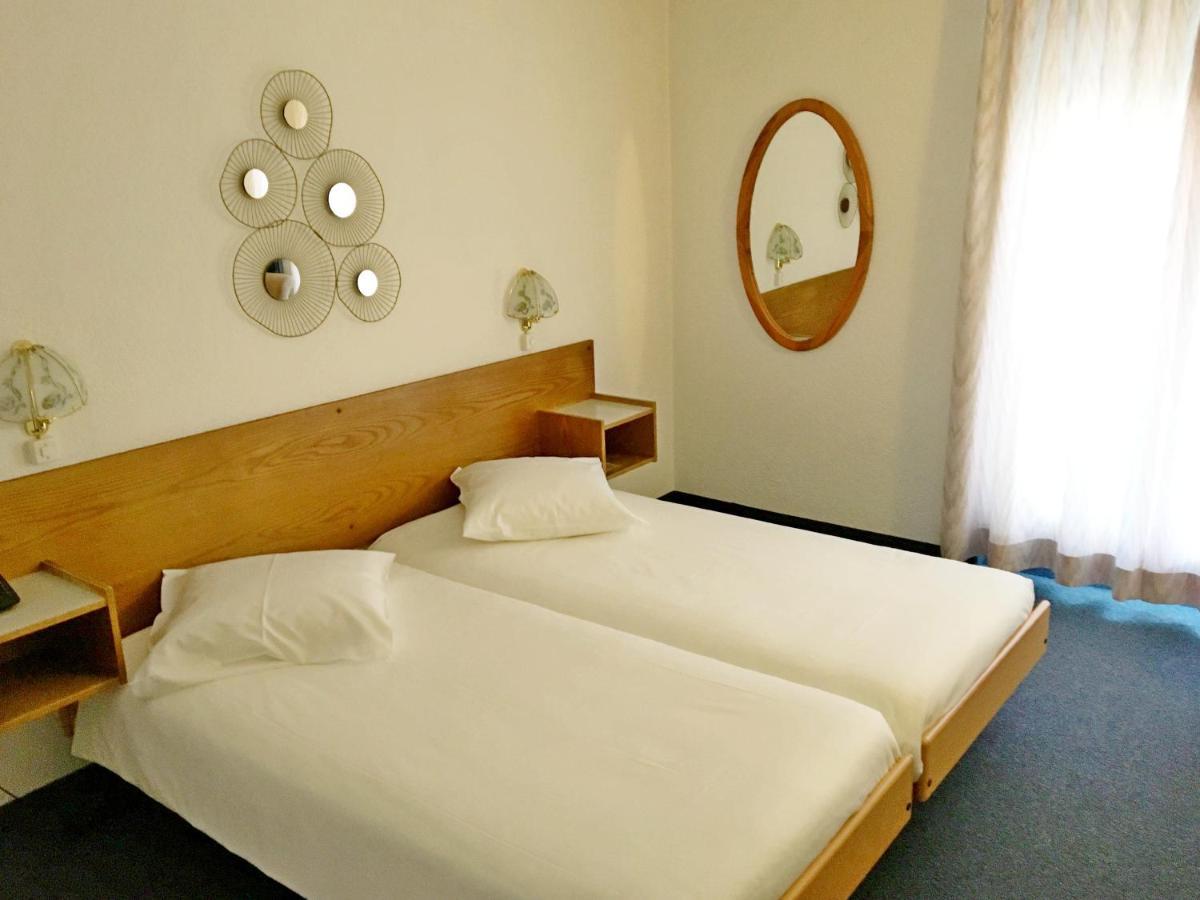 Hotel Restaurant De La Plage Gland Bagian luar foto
=====
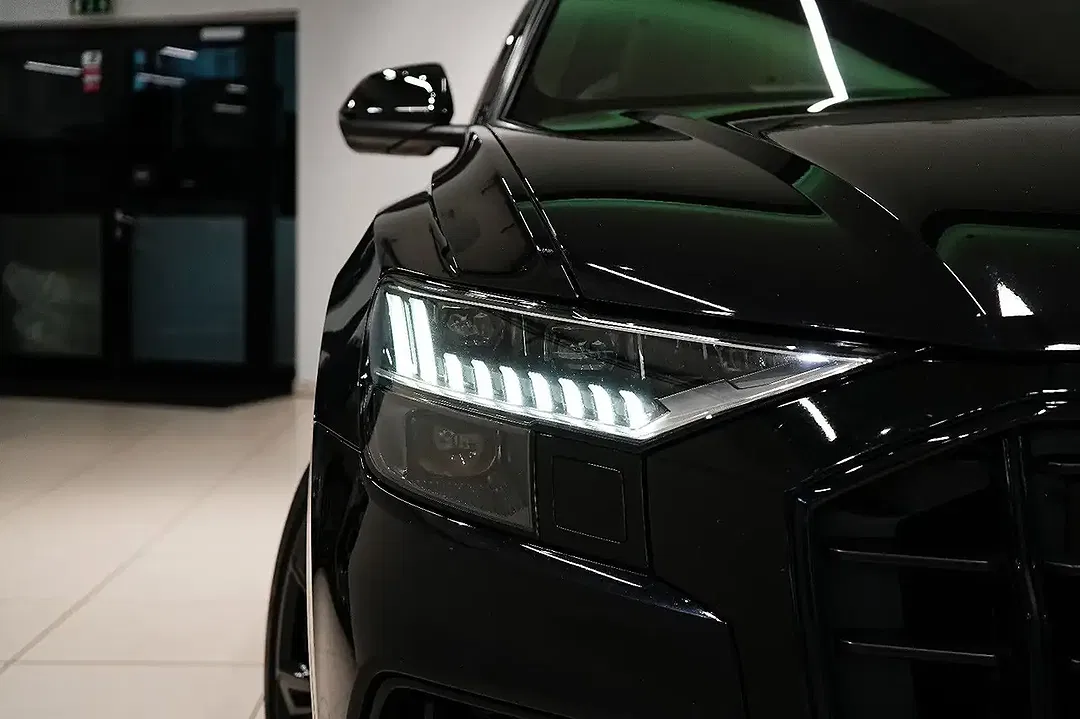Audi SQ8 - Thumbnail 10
=====
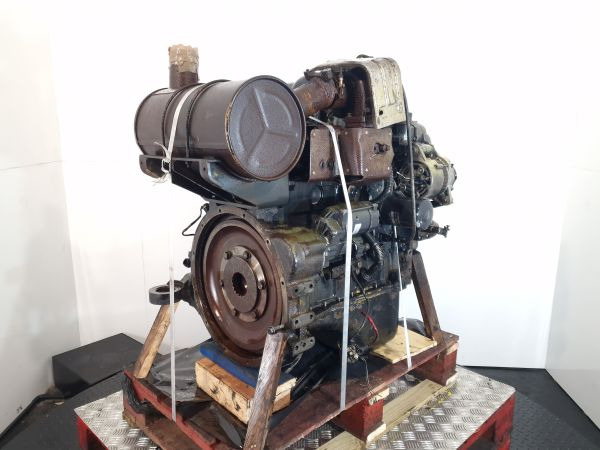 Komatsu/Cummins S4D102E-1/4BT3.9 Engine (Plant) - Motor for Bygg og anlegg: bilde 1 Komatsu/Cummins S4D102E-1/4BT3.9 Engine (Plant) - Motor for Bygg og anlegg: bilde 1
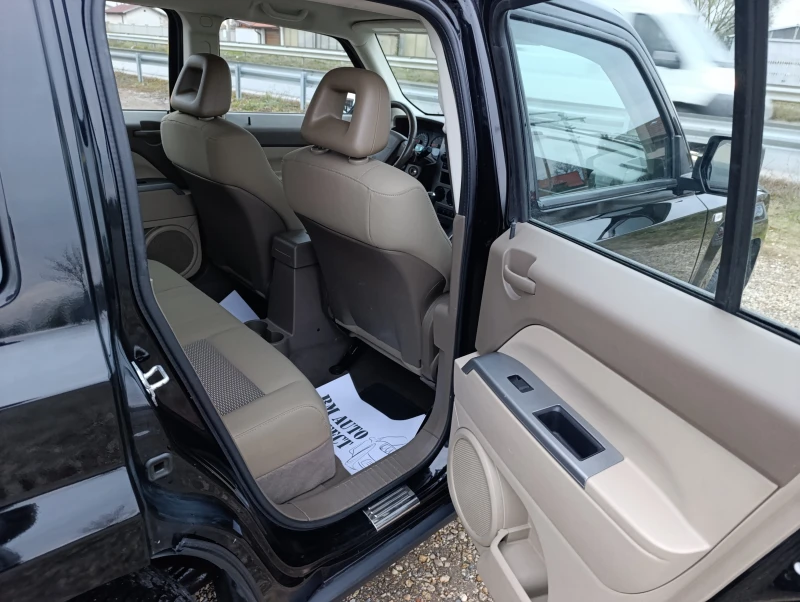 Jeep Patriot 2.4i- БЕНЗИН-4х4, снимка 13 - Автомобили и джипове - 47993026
=====
INSTRUCTIONS FOR THE TASK
Using the entries above, extract exactly the lines from the one that contains "bilde 1 Komatsu/Cummins" through the one that contains "Jeep Patriot 2.4i- БЕНЗИН-4х4, снимка". Do not carry over any pictures.

EXERCISE ANSWER
 Komatsu/Cummins S4D102E-1/4BT3.9 Engine (Plant) - Motor for Bygg og anlegg: bilde 1 Komatsu/Cummins S4D102E-1/4BT3.9 Engine (Plant) - Motor for Bygg og anlegg: bilde 1
 Jeep Patriot 2.4i- БЕНЗИН-4х4, снимка 13 - Автомобили и джипове - 47993026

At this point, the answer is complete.